• **INFORMATION SHOWN**:
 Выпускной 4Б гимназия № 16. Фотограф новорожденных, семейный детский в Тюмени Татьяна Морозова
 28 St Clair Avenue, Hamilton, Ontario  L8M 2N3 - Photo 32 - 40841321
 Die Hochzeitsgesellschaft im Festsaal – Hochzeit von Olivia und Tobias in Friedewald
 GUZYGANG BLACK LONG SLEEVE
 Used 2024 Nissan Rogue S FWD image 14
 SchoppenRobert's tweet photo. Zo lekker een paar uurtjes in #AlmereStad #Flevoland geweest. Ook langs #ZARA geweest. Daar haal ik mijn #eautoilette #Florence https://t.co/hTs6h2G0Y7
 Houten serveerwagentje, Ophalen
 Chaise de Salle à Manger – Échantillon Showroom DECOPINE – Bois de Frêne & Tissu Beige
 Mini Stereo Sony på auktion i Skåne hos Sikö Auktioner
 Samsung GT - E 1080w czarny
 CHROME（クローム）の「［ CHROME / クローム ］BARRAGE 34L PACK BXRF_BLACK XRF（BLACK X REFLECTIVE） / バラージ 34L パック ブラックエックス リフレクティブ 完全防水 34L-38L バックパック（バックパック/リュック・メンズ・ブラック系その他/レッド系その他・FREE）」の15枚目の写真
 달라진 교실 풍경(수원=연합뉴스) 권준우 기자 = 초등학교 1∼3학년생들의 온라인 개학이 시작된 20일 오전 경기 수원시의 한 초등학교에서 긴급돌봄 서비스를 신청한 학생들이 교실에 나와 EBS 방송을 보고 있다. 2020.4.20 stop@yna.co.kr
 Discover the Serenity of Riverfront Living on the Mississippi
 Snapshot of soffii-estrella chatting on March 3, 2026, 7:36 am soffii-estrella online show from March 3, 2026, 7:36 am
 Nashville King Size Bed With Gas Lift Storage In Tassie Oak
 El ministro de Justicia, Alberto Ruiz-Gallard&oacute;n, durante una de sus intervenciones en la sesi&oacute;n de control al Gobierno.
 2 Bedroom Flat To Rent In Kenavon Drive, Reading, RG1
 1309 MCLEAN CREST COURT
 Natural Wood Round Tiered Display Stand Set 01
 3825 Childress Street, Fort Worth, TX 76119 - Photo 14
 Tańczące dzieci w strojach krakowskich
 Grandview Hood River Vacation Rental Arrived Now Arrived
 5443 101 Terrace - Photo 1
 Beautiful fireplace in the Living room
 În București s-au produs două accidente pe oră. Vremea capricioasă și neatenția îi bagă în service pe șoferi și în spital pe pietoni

• **ASSIGNMENT**: Set down the records above once more, exactly as given.

• **ANSWER SPACE**:
 Выпускной 4Б гимназия № 16. Фотограф новорожденных, семейный детский в Тюмени Татьяна Морозова
 28 St Clair Avenue, Hamilton, Ontario  L8M 2N3 - Photo 32 - 40841321
 Die Hochzeitsgesellschaft im Festsaal – Hochzeit von Olivia und Tobias in Friedewald
 GUZYGANG BLACK LONG SLEEVE
 Used 2024 Nissan Rogue S FWD image 14
 SchoppenRobert's tweet photo. Zo lekker een paar uurtjes in #AlmereStad #Flevoland geweest. Ook langs #ZARA geweest. Daar haal ik mijn #eautoilette #Florence https://t.co/hTs6h2G0Y7
 Houten serveerwagentje, Ophalen
 Chaise de Salle à Manger – Échantillon Showroom DECOPINE – Bois de Frêne & Tissu Beige
 Mini Stereo Sony på auktion i Skåne hos Sikö Auktioner
 Samsung GT - E 1080w czarny
 CHROME（クローム）の「［ CHROME / クローム ］BARRAGE 34L PACK BXRF_BLACK XRF（BLACK X REFLECTIVE） / バラージ 34L パック ブラックエックス リフレクティブ 完全防水 34L-38L バックパック（バックパック/リュック・メンズ・ブラック系その他/レッド系その他・FREE）」の15枚目の写真
 달라진 교실 풍경(수원=연합뉴스) 권준우 기자 = 초등학교 1∼3학년생들의 온라인 개학이 시작된 20일 오전 경기 수원시의 한 초등학교에서 긴급돌봄 서비스를 신청한 학생들이 교실에 나와 EBS 방송을 보고 있다. 2020.4.20 stop@yna.co.kr
 Discover the Serenity of Riverfront Living on the Mississippi
 Snapshot of soffii-estrella chatting on March 3, 2026, 7:36 am soffii-estrella online show from March 3, 2026, 7:36 am
 Nashville King Size Bed With Gas Lift Storage In Tassie Oak
 El ministro de Justicia, Alberto Ruiz-Gallard&oacute;n, durante una de sus intervenciones en la sesi&oacute;n de control al Gobierno.
 2 Bedroom Flat To Rent In Kenavon Drive, Reading, RG1
 1309 MCLEAN CREST COURT
 Natural Wood Round Tiered Display Stand Set 01
 3825 Childress Street, Fort Worth, TX 76119 - Photo 14
 Tańczące dzieci w strojach krakowskich
 Grandview Hood River Vacation Rental Arrived Now Arrived
 5443 101 Terrace - Photo 1
 Beautiful fireplace in the Living room
 În București s-au produs două accidente pe oră. Vremea capricioasă și neatenția îi bagă în service pe șoferi și în spital pe pietoni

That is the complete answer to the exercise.